Artists Óscar González-Díaz and Matthew Wead participating in Chicago Artists Coalition’s residency program Hatch Projects, juggle sports, politics, and consumerism in S-W-O-O-$-H, their year-long exploration and incubation led by curator Courtney Cintron. Upon entering S-W-O-O-$-H, viewers are met with a colorful mound of soccer balls imported from Mexico, still in their plastic packaging, piled in the gallery’s corner. The soccer motif continues in two of González’ “wooden trilateral structures this time with deconstructed soccer balls in pieces entitled “Fair Play since January 1, 1994,” and “Joga Bonito USMCA.” The soccer balls have been laid flat, restitched, and then draped from the sculpture, ultimately dismembering their purpose as a game. The imagery of the three wooden poles, intertwined, but not touching, is meant to mimic the relationship between Mexico, Canada, and the United States, all of which is explored further on the walls through a series of texts, charts, and media surrounding the North American Free Trade Agreement otherwise known as NAFTA.
Red vinyl cutouts of soccer players in action outline the wall in the piece “Equipos de Maquila” (Factory Teams).” Within the silhouettes is a series of photographs of past soccer players in Mexico, Trump, shipping boxes, political cartoons, and tweets, including those from the Canadian Prime Minister in response to the current U.S. Administration’s threats to disband the agreement between the three countries and Trump’s responses. The most striking work is the vinyl lettering on the wall reading “America is canceled, Mexico esta cancelado, and L’Canada est anulee,” while there is some poked humor behind it, underlying those words are dire issues.
While González uses the FIFA World Cup and sports consumerism to display the current tensions between these three nations and engage in conversation around trade, labor, and policy through these works in a deconstructed way, Matthew Wead, explores these same themes through the lens of Black Americans in a series of woodblock prints and a pop-up fashion installation.
In opposing intricate woodcut prints, Wead explores current racial tensions, the historical implications of cotton production through images of slave labor, Black consumerism, and the pandering tone of advertising campaigns for cotton-made products. In exploring its racial roots, and his own familial roots, the work’s meaning runs deep through his grandmother’s history as a sharecropper. The print “Sun Up/Sun Down” illustrates plantation workers picking the cotton, the hands of those workers appear in “With These Hands (Irma)”, and a “modern-day king” adorned with a tall high-top fade like crown inhabits “Cotton is King.” The most prolific motif is that of “the hoodie,” which has not only become an emblem of Hip-Hop culture but of the Black Lives Matter movement following the death of Trayvon Martin.
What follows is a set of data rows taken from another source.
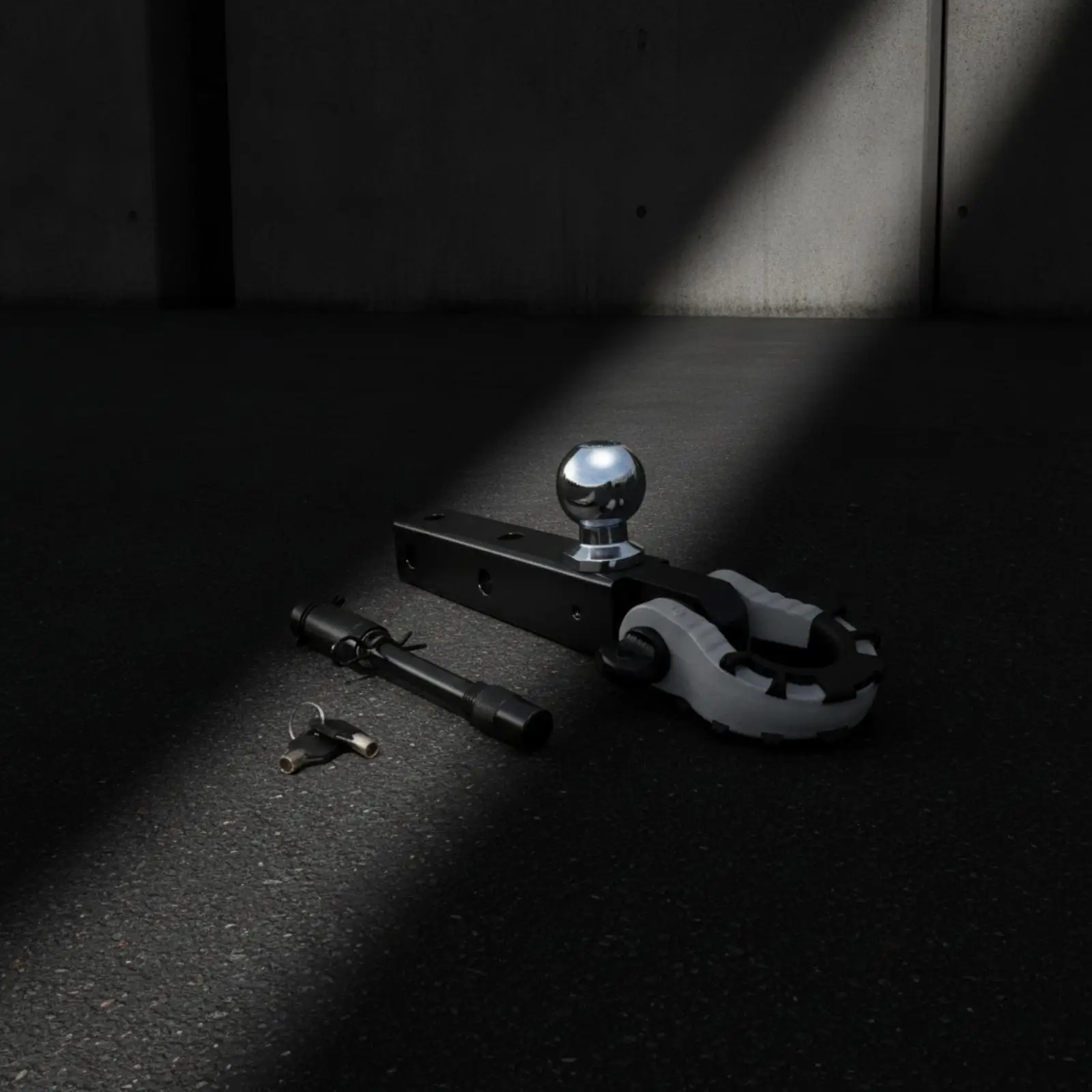 Reliable Vehicle Recovery Tow Hook Adjustable Trailer Hitch Ball with Keys for Secure Truck Setup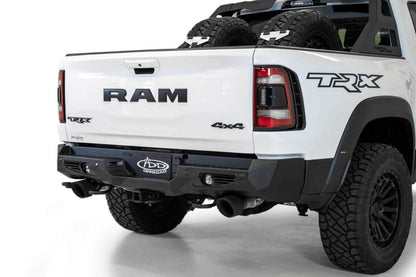 Addictive Desert Designs Bomber Rear Bumper (REAR): Ram 1500 TRX (19-24) - Hammer Black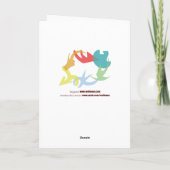 De Lichte Boom van de regenboog Feestdagen Kaart (Achterkant)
In Wead’s pop up shop, the display includes a black hoodie scripted with white paint saying “Are we meant to be feared?” or “You’ve taken our names and our spaces/Now you’ve taken our lives,” and hung from a single hanger. It also includes a play on the controversial “Make America Great Again” hat, only this one says “Fuck That America,” along with black and white hats that say Black Matters and t-shirts of Ida B. Wells, all of which are for sale next to a neon sign, reading “We Have Just Begun.”
In this day and age, as nations unearth the implications of racial injustice in the public sphere, this might just be the beginning of a long road of discourse and action for art to dismantle as well. These two artists explicitly demonstrate that art is, and always has been, a sign of the times. As more and more artists respond to the social upheavals of our time and current political landscape, what S-W-O-O-$-H has done well to deconstruct these ideals and map them out for the viewer to take in, sit with, and piece back together using history and our connectivity as the threadful lining to the truth.